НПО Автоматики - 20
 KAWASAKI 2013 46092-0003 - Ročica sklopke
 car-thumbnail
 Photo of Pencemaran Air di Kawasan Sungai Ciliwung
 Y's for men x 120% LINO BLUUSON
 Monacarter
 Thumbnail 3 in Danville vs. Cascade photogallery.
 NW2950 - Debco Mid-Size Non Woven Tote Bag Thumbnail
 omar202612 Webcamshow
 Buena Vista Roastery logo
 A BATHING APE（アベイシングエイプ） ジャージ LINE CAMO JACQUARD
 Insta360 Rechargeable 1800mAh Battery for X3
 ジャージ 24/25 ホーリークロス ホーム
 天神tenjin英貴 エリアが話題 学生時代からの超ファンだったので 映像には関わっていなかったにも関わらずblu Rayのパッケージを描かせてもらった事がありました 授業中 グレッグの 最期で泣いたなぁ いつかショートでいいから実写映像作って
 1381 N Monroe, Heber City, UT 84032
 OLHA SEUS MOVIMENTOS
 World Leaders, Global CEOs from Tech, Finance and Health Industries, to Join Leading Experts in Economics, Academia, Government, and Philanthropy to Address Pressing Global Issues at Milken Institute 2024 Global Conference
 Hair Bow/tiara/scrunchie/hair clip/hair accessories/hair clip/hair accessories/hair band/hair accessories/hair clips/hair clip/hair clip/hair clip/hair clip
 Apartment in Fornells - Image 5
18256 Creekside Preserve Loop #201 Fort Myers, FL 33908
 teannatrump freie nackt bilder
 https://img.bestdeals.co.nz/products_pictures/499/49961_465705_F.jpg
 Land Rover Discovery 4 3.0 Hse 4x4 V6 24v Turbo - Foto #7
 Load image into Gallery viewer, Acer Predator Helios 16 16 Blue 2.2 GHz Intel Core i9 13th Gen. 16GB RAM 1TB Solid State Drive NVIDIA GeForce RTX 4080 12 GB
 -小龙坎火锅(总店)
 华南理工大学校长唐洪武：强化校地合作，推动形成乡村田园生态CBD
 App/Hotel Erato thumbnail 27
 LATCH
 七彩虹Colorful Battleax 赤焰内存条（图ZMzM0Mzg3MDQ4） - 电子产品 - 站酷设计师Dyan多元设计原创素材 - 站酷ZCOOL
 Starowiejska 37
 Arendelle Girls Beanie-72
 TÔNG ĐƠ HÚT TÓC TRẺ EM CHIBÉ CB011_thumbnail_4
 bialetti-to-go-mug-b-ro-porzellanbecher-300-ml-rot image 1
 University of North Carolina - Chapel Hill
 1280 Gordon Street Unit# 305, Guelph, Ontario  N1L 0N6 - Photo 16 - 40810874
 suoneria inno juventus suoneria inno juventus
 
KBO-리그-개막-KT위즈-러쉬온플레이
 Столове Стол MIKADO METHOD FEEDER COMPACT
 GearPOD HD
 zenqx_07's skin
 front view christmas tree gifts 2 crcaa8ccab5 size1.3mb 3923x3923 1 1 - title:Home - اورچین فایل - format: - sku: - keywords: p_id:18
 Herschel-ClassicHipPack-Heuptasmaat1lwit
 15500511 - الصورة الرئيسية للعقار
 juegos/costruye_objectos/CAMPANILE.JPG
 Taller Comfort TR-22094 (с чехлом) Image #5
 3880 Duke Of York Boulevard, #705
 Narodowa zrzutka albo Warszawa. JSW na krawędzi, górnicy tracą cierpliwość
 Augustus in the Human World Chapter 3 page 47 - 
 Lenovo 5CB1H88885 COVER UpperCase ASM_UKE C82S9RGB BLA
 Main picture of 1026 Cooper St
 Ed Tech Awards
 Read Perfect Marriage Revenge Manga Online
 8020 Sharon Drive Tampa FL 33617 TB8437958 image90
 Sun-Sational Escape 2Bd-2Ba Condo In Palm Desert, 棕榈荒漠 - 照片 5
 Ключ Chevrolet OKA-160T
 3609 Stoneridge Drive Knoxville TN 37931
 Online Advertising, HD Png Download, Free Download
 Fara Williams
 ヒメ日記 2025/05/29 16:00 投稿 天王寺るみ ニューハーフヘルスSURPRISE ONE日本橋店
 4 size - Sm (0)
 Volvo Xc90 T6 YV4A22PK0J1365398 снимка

## [TASK DESCRIPTION]
The response should hold exactly the lines starting at the line with "Столове Стол MIKADO METHOD FEEDER COMPACT" and ending at the line with "3880 Duke Of York Boulevard, #705", and no other line of the material above.

## [RESPONSE AREA]
 Столове Стол MIKADO METHOD FEEDER COMPACT
 GearPOD HD
 zenqx_07's skin
 front view christmas tree gifts 2 crcaa8ccab5 size1.3mb 3923x3923 1 1 - title:Home - اورچین فایل - format: - sku: - keywords: p_id:18
 Herschel-ClassicHipPack-Heuptasmaat1lwit
 15500511 - الصورة الرئيسية للعقار
 juegos/costruye_objectos/CAMPANILE.JPG
 Taller Comfort TR-22094 (с чехлом) Image #5
 3880 Duke Of York Boulevard, #705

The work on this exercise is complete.